> [BRIEF]: From the first line to the last, retype everything below exactly, minus the pictures.

[SOURCE DATA Boundary: Start]

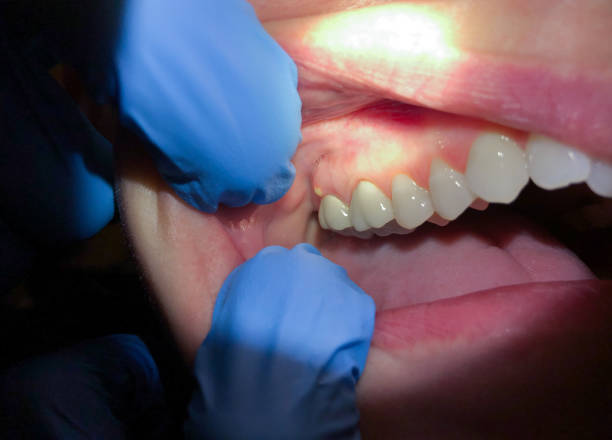 Best Cosmetic Emergency Dentistry in Oxford, GA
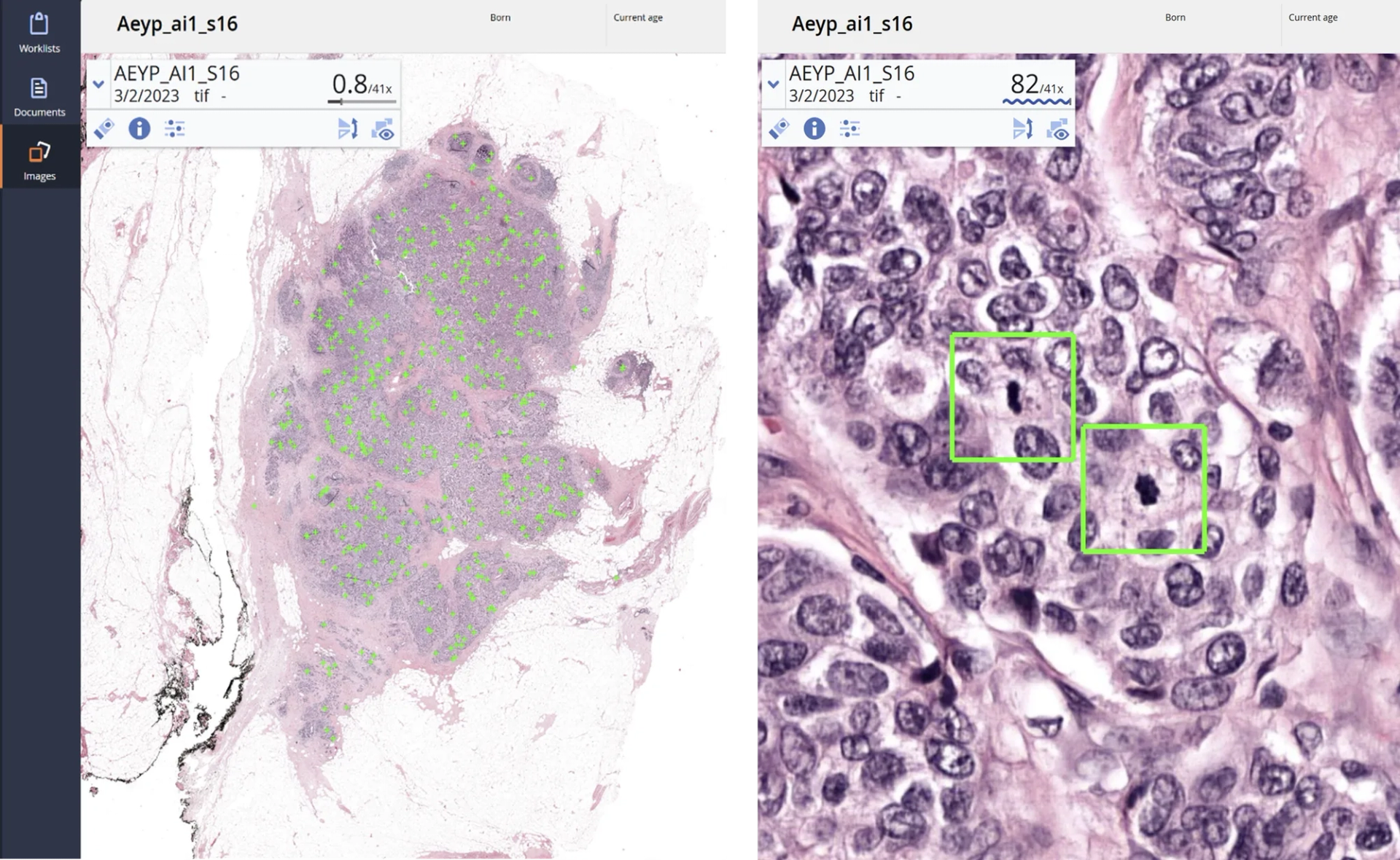 Mitotic figures detected and highlighted in a whole slide image of breast biopsy by Aiosyn Mitosis Breast.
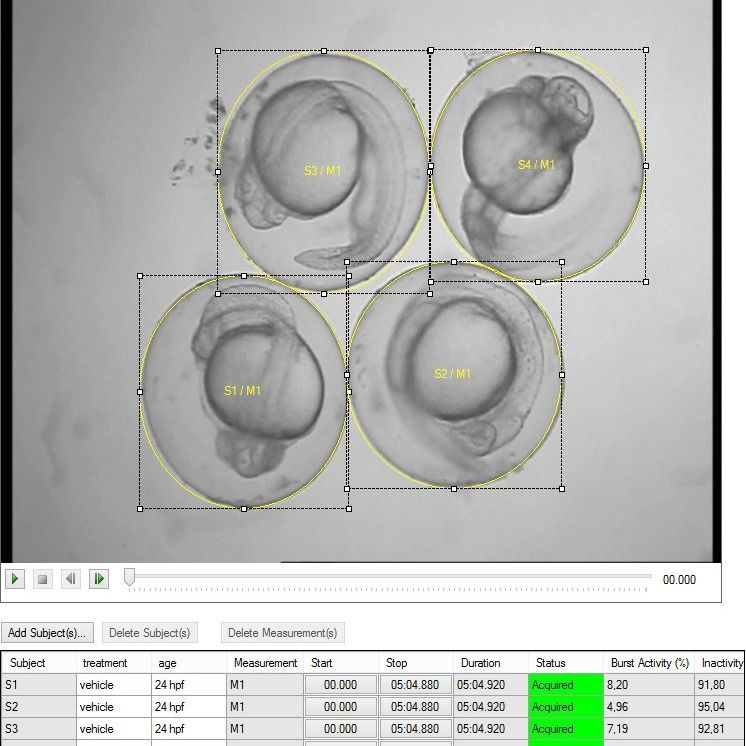 Zebrafish embryo's under microscope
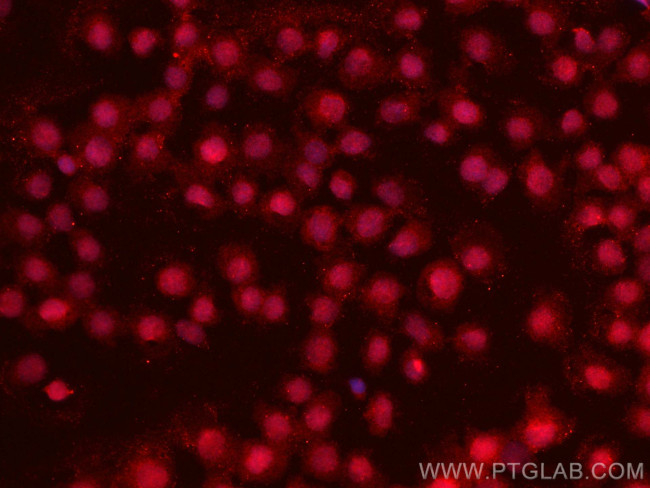 IRF8 Antibody in Immunocytochemistry (ICC/IF)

[SOURCE DATA Boundary: End]

> [TASK OUTPUT]:
 Best Cosmetic Emergency Dentistry in Oxford, GA
 Mitotic figures detected and highlighted in a whole slide image of breast biopsy by Aiosyn Mitosis Breast.
 Zebrafish embryo's under microscope
 IRF8 Antibody in Immunocytochemistry (ICC/IF)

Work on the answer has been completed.